Caption-style text data:
━━━

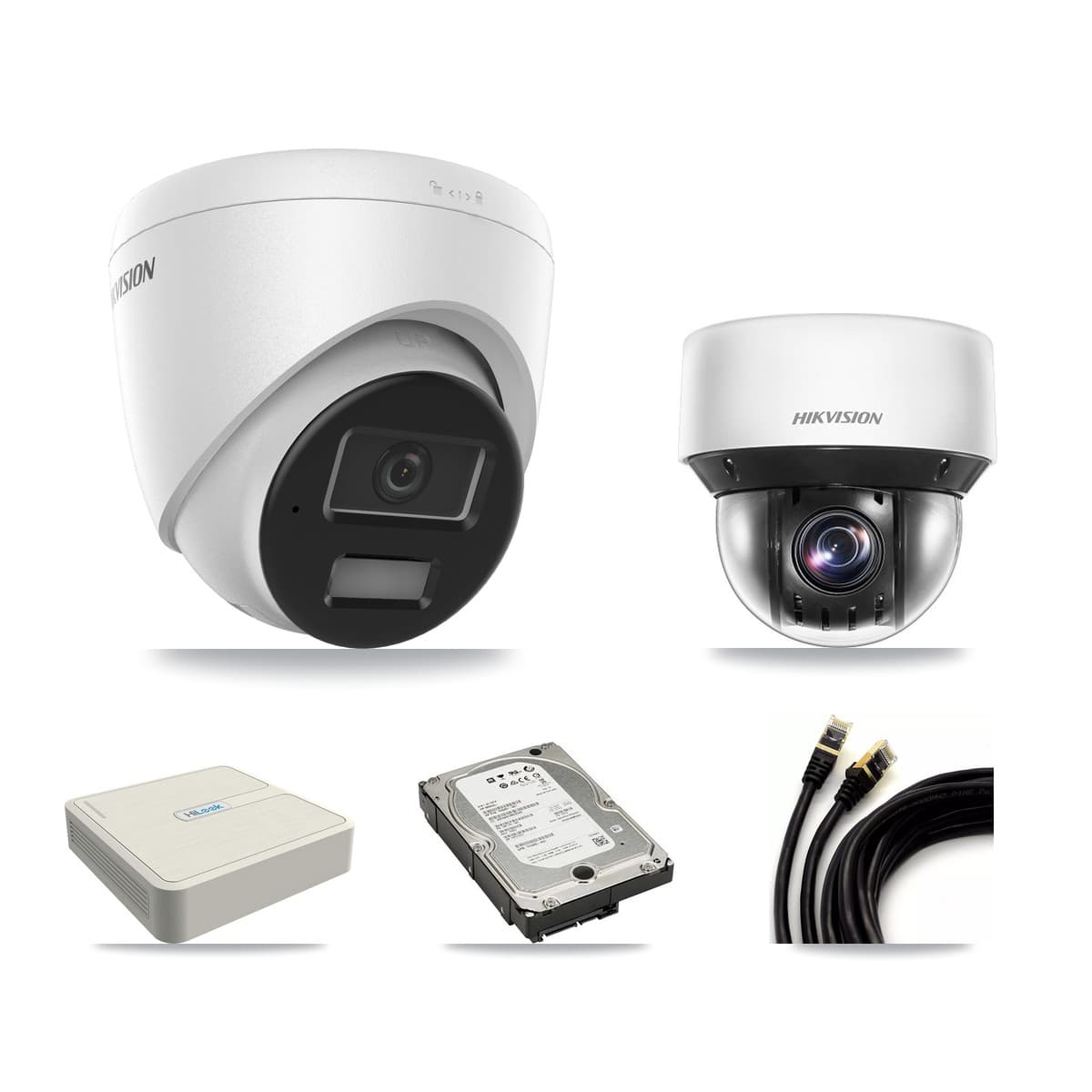 Hikvision & HiLook 8-Channel 4MP CCTV Kit — 3 DS-2CD1343G2 Turret + 1 DS-2DE4A425IW PTZ Cameras + 5TB Recording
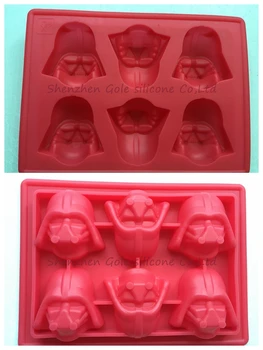 

50pcs/lot Baking Tool Tray Cookies Chocolate Soap Mould Kitchen Creative Silicone Star Wars Darth Vader Ice Cube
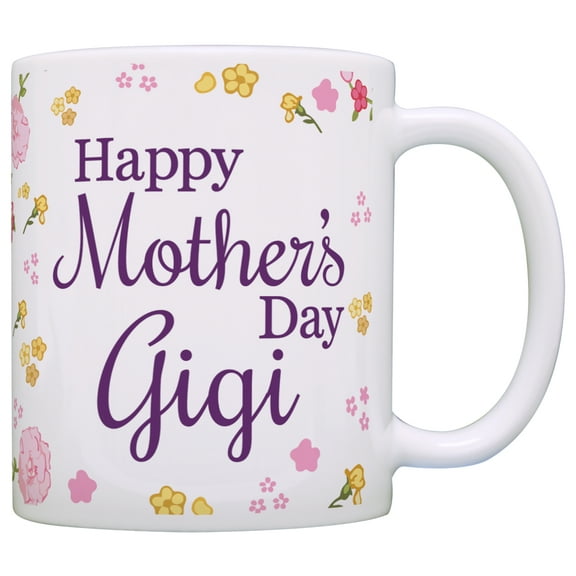 ThisWear Mothers Day Gifts Happy Mother's Day Gigi Gift for Grandma Mom 11 ounce Coffee Mug Floral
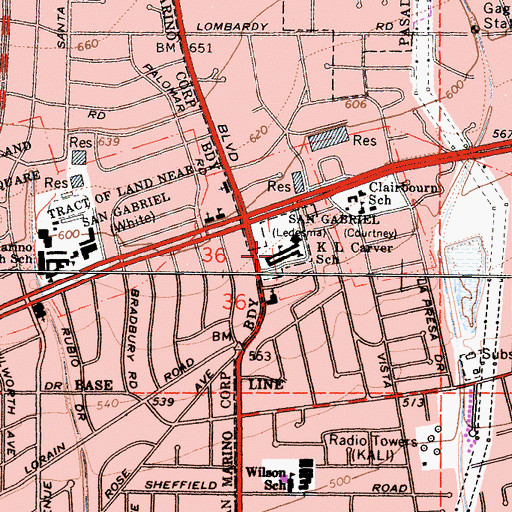 Topographic Map of Carver Elementary School, CA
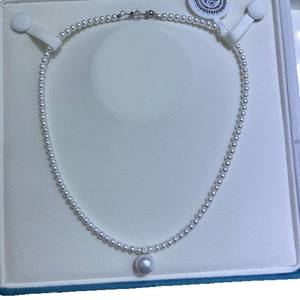 Collar de Perlas de Agua Dulce Casi Redondas de 3-4 mm con Incrustaciones de Piedras Brillantes Estrelladas, Cierre OT y Colgante Barroco - Product Image 5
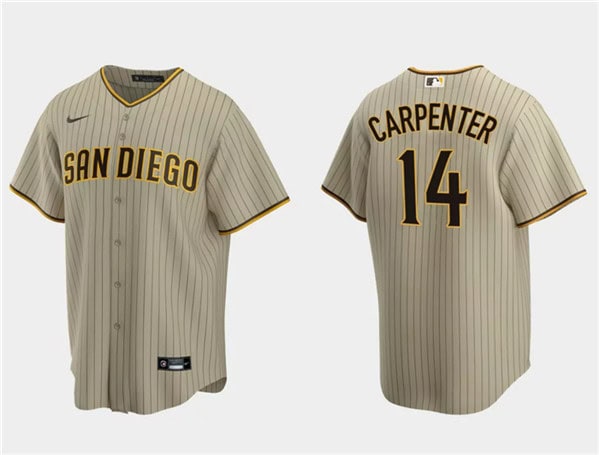 San Diego Padres #14 Matt Carpenter Tan Cool Base Stitched Jersey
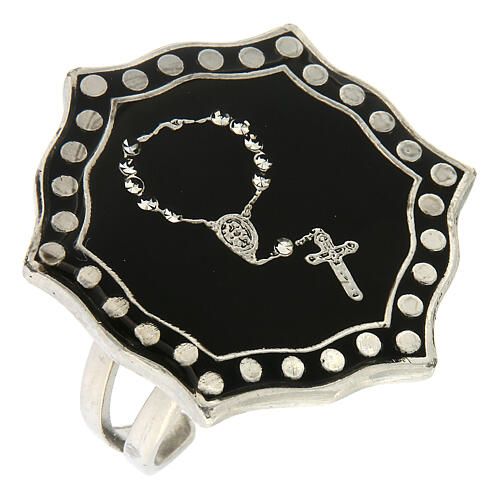 Ring with single decade rosary, black medal, adjustable diameter 1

━━━

Could you restate every record above word for word, dropping the pictures?

 Hikvision & HiLook 8-Channel 4MP CCTV Kit — 3 DS-2CD1343G2 Turret + 1 DS-2DE4A425IW PTZ Cameras + 5TB Recording

50pcs/lot Baking Tool Tray Cookies Chocolate Soap Mould Kitchen Creative Silicone Star Wars Darth Vader Ice Cube
 ThisWear Mothers Day Gifts Happy Mother's Day Gigi Gift for Grandma Mom 11 ounce Coffee Mug Floral
 Topographic Map of Carver Elementary School, CA
 Collar de Perlas de Agua Dulce Casi Redondas de 3-4 mm con Incrustaciones de Piedras Brillantes Estrelladas, Cierre OT y Colgante Barroco - Product Image 5
 San Diego Padres #14 Matt Carpenter Tan Cool Base Stitched Jersey
 Ring with single decade rosary, black medal, adjustable diameter 1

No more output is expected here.